By: Dustin Dietz
After receiving a sizable contract extension shortly after the season began, Texas Rangers second baseman Ian Kinsler yielded a disappointing slash line of .256/.326/.423, along with a bWAR of 2.1 in 2012. Based on the above average production Kinsler produced in previous years, which led to him earning the extension, fans and pundits expected more out of Kinsler. Kinsler’s cavalier body language and slumped shoulders after pop outs only exacerbated the angst among the masses last season.
Kinsler was not much better in the field as he generated a negative UZR for the first time since 2008. During the offseason, there was speculation Kinsler might be moved to first base to make room for mega prospect Jurickson Profar at second base. Kinsler felt he was more valuable to the club at second base, and after the team signed Lance Berkman to be the primary designated hitter in January, Kinsler’s spot in the middle of the diamond was safe for the time being.
The Rangers hired renowned former Boston Red Sox hitting coach Dave Magadan in the offseason with aspirations Magadan would be able to improve the approach and mechanics of Ranger hitters, including Kinsler. So far, the results have been outstanding with Kinsler as he has produced a slash line of .324/.387/.544 with 7 home runs and a wRC+ of 149 in 2013.
Kinsler has played at an elite, MVP level the first six weeks of ’12. The biggest difference so far in Kinsler’s game has been his approach at the plate. According to PITCHf/x, Kinsler is swinging at fewer pitches as his O-Swing, Z-Swing, and Swing percentages are all lower than they were in ’12. I realize we are looking at a small sample size here, but early season plate discipline numbers are typically trends which last the rest of the season. When Kinsler does swing at pitches outside of the strike zone, he is making contact with 80.3 percent of them, a substantial increase from the 71.5 O-Contact percentage Kinsler yielded in ’12.

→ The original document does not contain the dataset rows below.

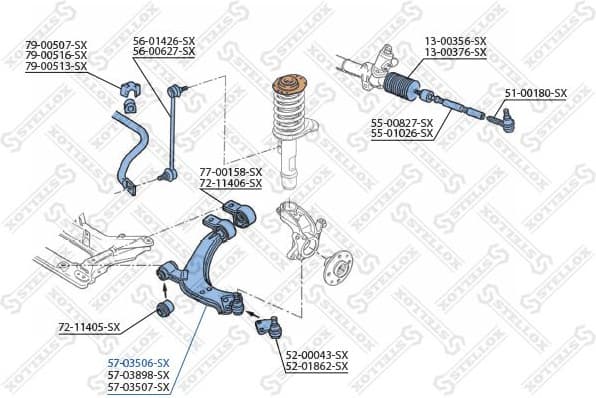 Control/Trailing Arm, wheel suspension 57-03506-SX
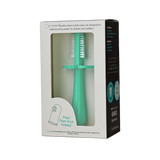 Emballage d'une brosse à dents de couleur vert menthe, la brosse est a double face avec une collerette en forme de fleur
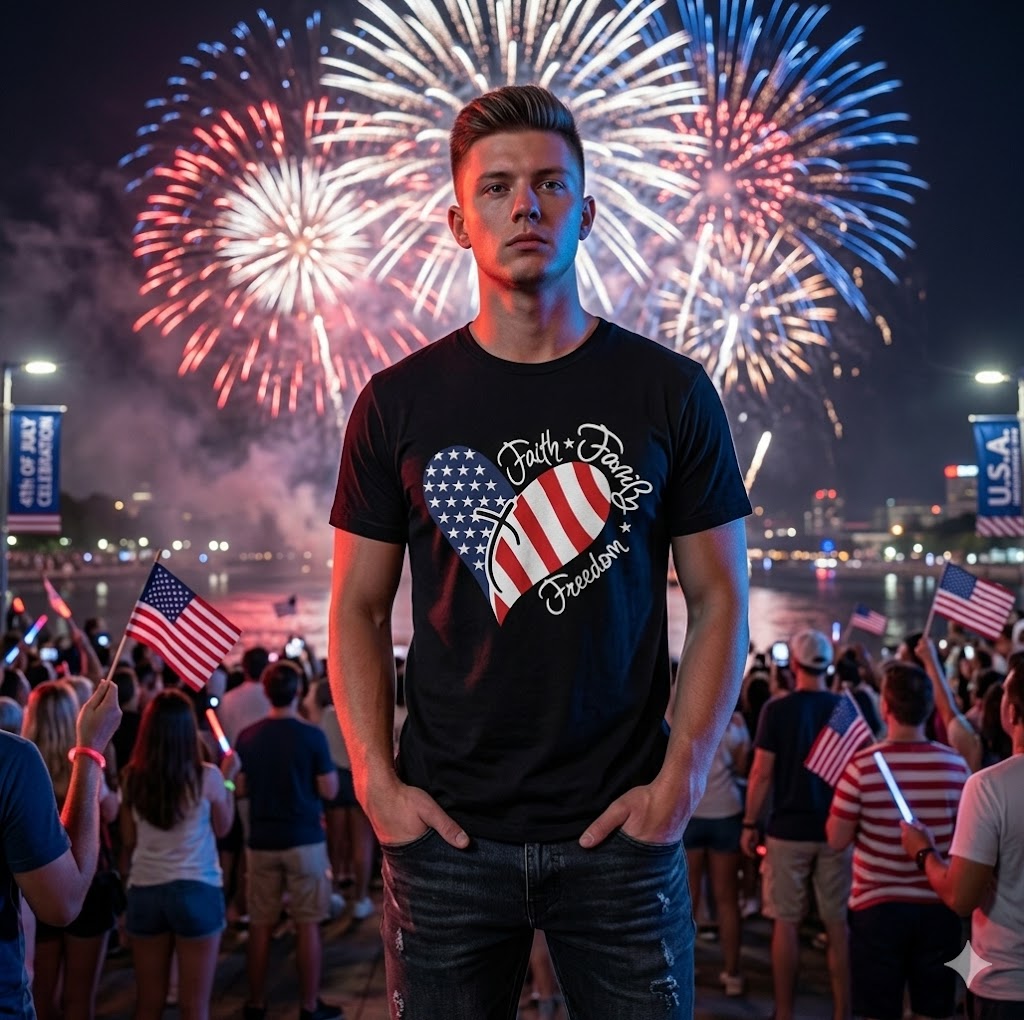 Faith Family Freedom T-Shirt – Patriotic American Flag Heart Graphic Tee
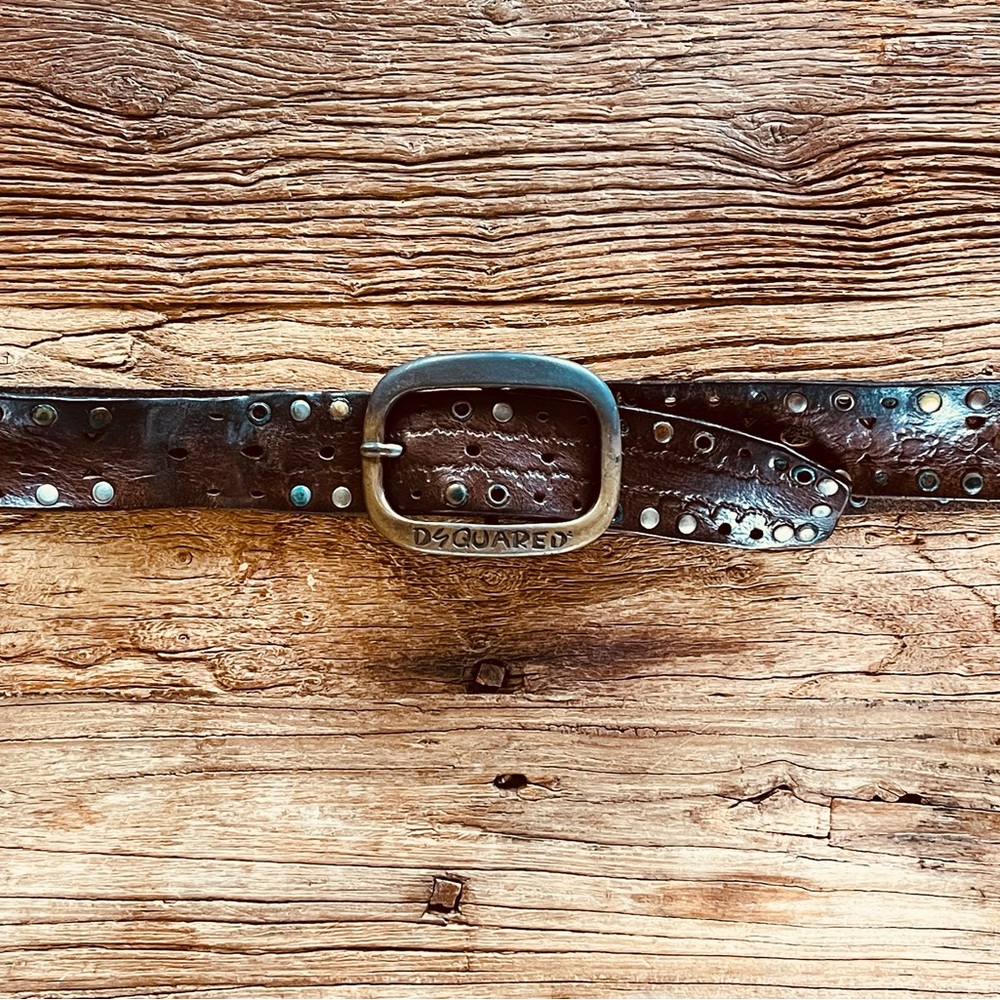 DSquared Brown Leather Belt with Silver Buckle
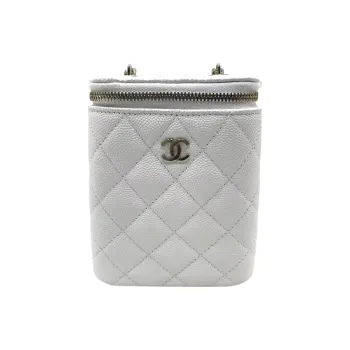 CHANEL Textured Calfskin Lipstick Bag Handbag Shoulder Bag Crossbody Bag Women's White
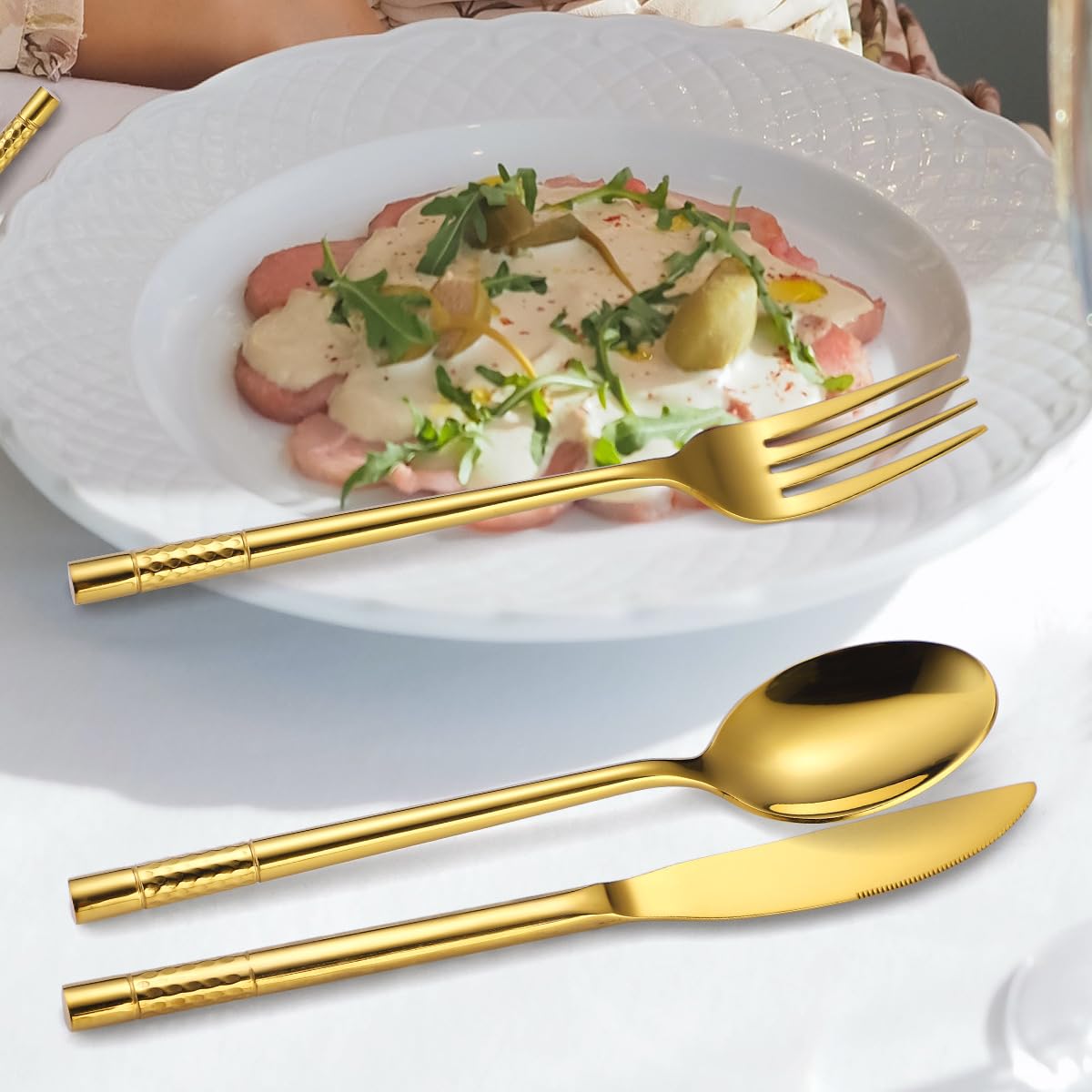Zestaw Sztućców Na Wesele, Kuchnię, Restaurację, Złota Zastawa Stołowa Ze Stali Nierdzewnej, 6 Zestawów Z Ceramicznymi Uchwytami, Zestawy Sztućców Ze Srebra Z Wieszakiem (Gold-6Set)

Kinsler’s early season success can also be attributed to the fact he has destroyed right handed pitching, something he has not done historically. The Rangers second baseman has yielded an outstanding slash line of .348/.414/.652 against right handed pitching in ’13, while his career line is .262/.340/.440 against north paws. The .652 slugging percentage is second in all of baseball behind only Shin-soo Choo’s .739. One can expect Kins’ numbers against righties to regress towards his career average, but his ability to hit to right handed pitching early on in the year is an encouraging sign.

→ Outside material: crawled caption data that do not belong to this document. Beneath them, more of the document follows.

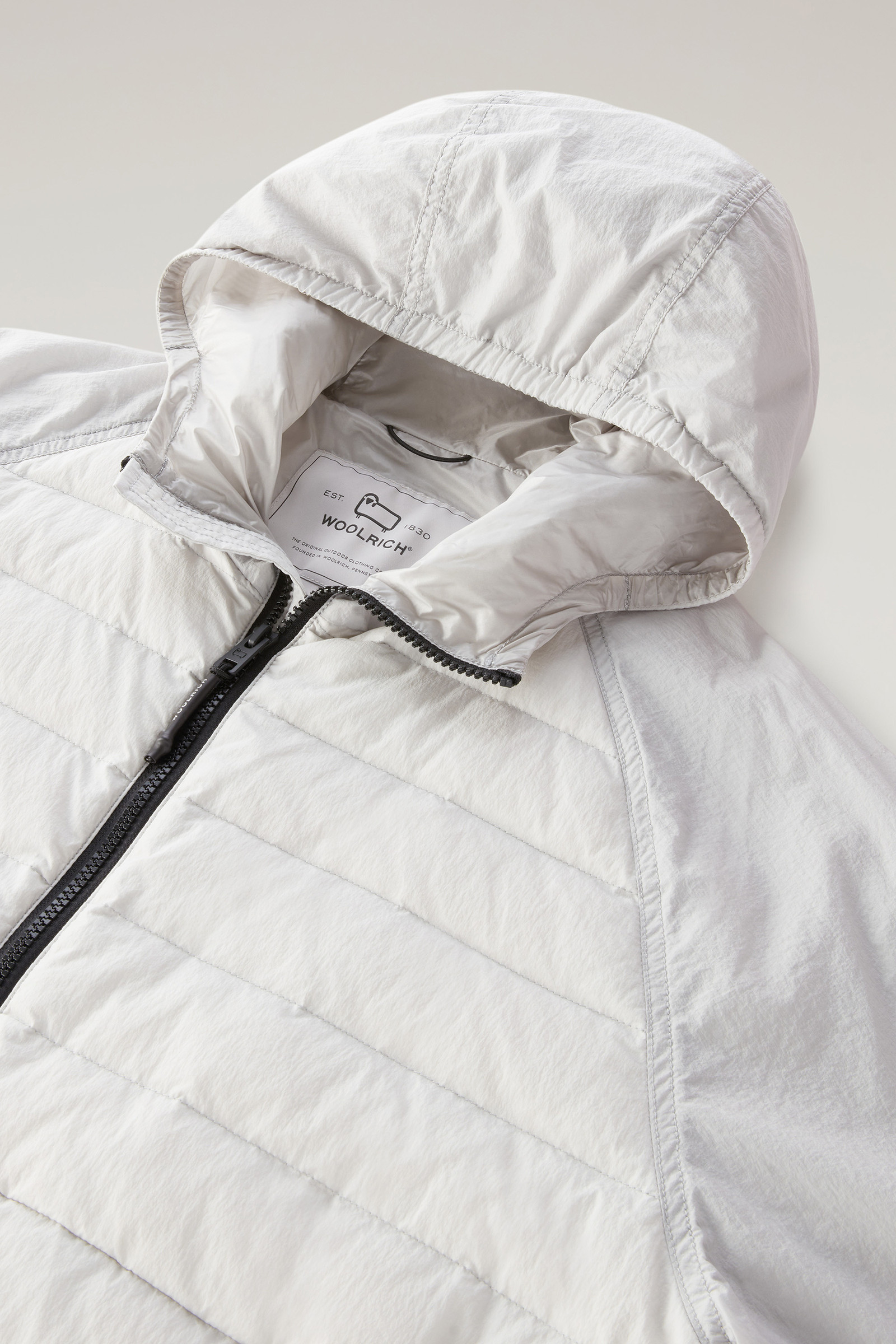 Veste Hybrid en nylon crinkle avec matelassage sur le devant et capuche blanc photo 6 | Woolrich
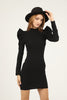 Women's Statement Sleeve Knit Detail Dress - MWSD126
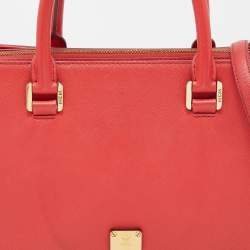 Pre Owned MCM Coral Leather Large Nuovo Tote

Kinsler is winning battles.
The headline might be somewhat perplexing, but it will make sense in a moment. Many fans and writers are cynical of the WAR (wins above replacement) statistic because many misinterpret what the meaning is. For example, baseball writer Jon Heyman tweeted a couple of weeks ago his disbelief that phenomenal second year outfielder Bryce Harper had the same WAR as Pittsburgh outfielder Starling Marte. The number is not meant to represent how a player with a 5 WAR is better than a player with a 4 WAR. Rather, the WAR statistic represents the overall value the player provides for his team, and while Harper is a fantastic player, Marte and his superior defensive skills had supplied the same amount of wins for his team as Harper at that time.
Now that I have explained WAR for the baseball illiterate who refuses to accept the statistic’s validity, or the fact the earth is round, I will mention Kinsler is currently second in MLB among position players with 2.2 bWAR, behind only Brewers center fielder Carlos Gomez’s 2.8. To put Kinsler’s stellar play into perspective, he has already surpassed the bWAR of 2.1 from last season. Quite simply, Kinsler has been the most valuable player to the Rangers. While Profar is probably ready to contribute at the big league level right now, there is little chance he would be producing the way Kinsler is from the second base position.

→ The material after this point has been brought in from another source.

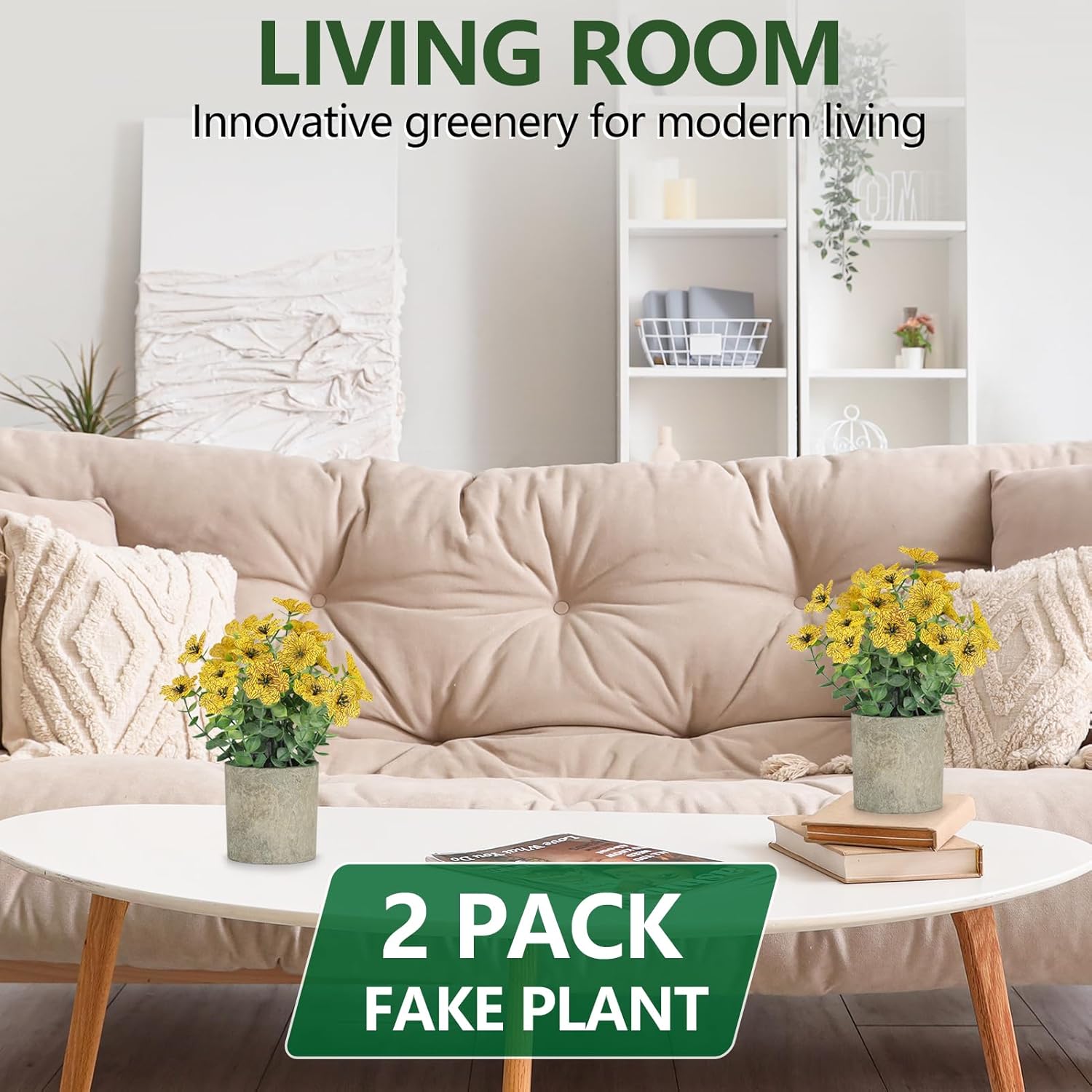 2 Pack Small Fake Plants Potted Artificial Plants Artificial Flowers Potted Faux Flower Daisy with Eucalyptus Leaves for Home Decor Office Room Farmhouse Indoor Table Bathroom Decor（Yellow） - Image 5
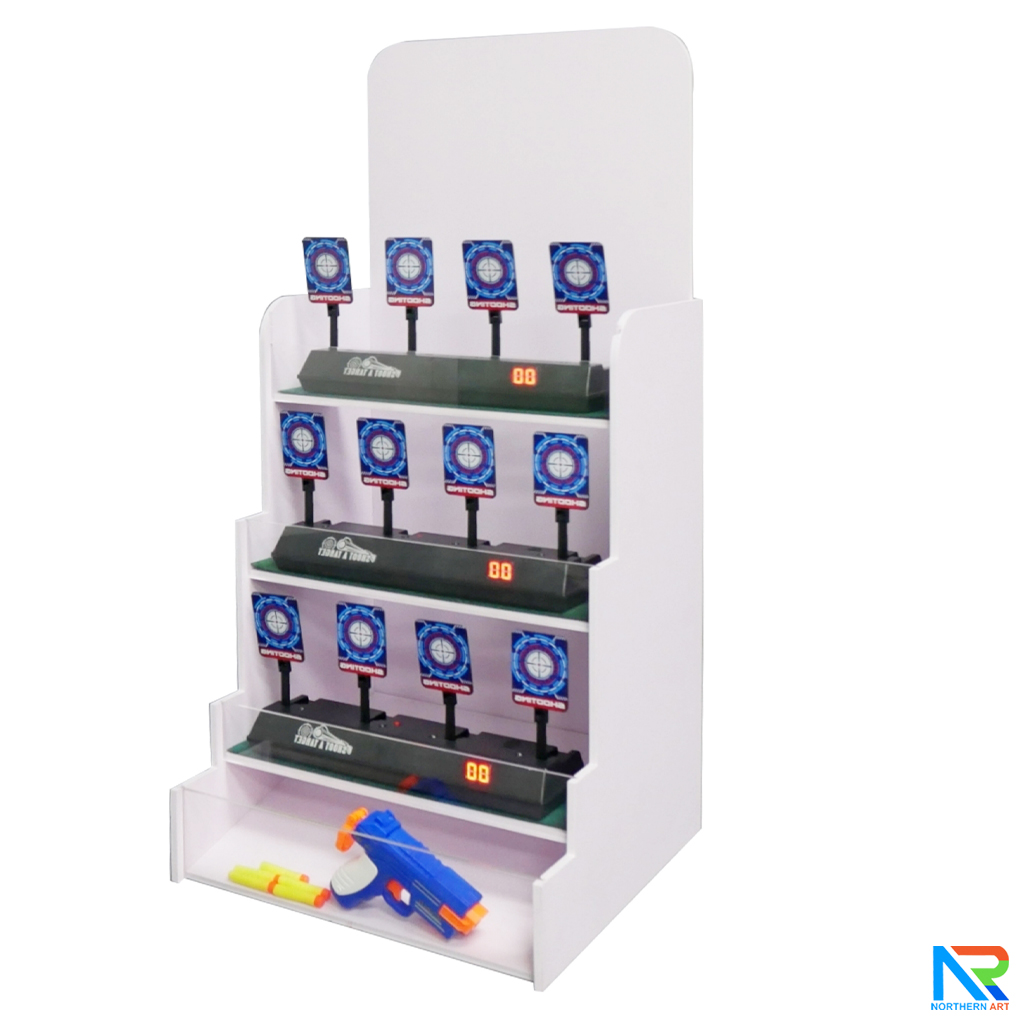 เช่าเกมส์ยิงเป้านิ่ง ตั้งโต๊ะ ขนาด (W)40 x (D)40 x (H)90 cm. พร้อมเป้านิ่ง 4 แผ่น 3 ชุด และปืนกระสุนโฟม 1 กระบอก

While Kinsler’ nonchalant demeanor in the batter’s box and in the field can indeed be vexing, I hope many realize how great he has played up to this point. Kinsler still does have the propensity to pop out rather often. However, if he continues to play at the level he currently is, he will not only be a bargain at the $13 million dollars he is being paid in ’13, but he also will be in MVP consideration at season’s end and helping lead the Rangers to a third American League West crown in four years.